Department of Infectious Diseases and Infection Control, Jikei University School of Medicine, Tokyo, Japan; Department of Infection Control, Jikei University Hospital, Tokyo, Japan.
Department of Infectious Diseases and Infection Control, Jikei University School of Medicine, Tokyo, Japan; Department of Infection Control, Jikei University Hospital, Tokyo, Japan.
Clin Microbiol Infect. 2023 Feb;29(2):253.e1-253.e5. doi: 10.1016/j.cmi.2022.09.007. Epub 2022 Sep 20.
Some vaccinated individuals fail to acquire an adequate immune response against infection. We aimed to determine whether mRNA severe acute respiratory syndrome coronavirus 2 (SARS-CoV-2) vaccination could induce a sufficient immune response against SARS-CoV-2 in low responders to other vaccinations.
Using data from health-care workers who received two doses of the BNT162b2 vaccine (BioNTech/Pfizer), we conducted a single-centre, cross-sectional study to determine whether low responders to measles, rubella, and hepatitis B virus (HBV) vaccinations could acquire sufficient antibodies after SARS-CoV-2 vaccination. From May 2021 to June 2021, participants were tested for anti-SARS-CoV-2 spike (anti-S) IgG antibodies at least 2 weeks after the second dose of BNT162b2. The association between a low response to measles, rubella, and HBV vaccinations and the post-vaccination anti-S IgG titre was evaluated using the multivariable linear regression analysis.

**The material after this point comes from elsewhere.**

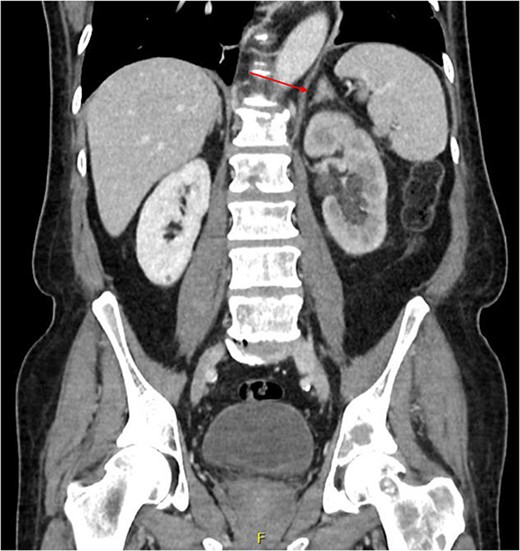 Coronal CT abdomen and pelvis scan with contrast demonstrating left-sided hydronephrosis and left-sided adrenal mass (red arrow).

All 714 participants were positive for the anti-S IgG titre (≥50.0 AU/mL) after two doses of BNT162b2 (median, 7126.8 AU/mL; interquartile range, 4496.2-11 296.8). There were 323 (45.2%), 131 (18.3%), and 43 (6.0%) low responders to measles, rubella, and HBV vaccinations, respectively. In the multivariable linear regression analysis, low responders to rubella vaccination had significantly low acquisition of the anti-S IgG titre after two doses of the BNT162b2 vaccine (standardized coefficient β, -0.110; 95% CI, -0.175 to -0.044).
A low response to rubella vaccination is a potential predictor of a reduced response to SARS-CoV-2 vaccination. Further studies are needed to determine whether a low response to rubella vaccination is associated with the durability of SARS-CoV-2 vaccination-induced immune response.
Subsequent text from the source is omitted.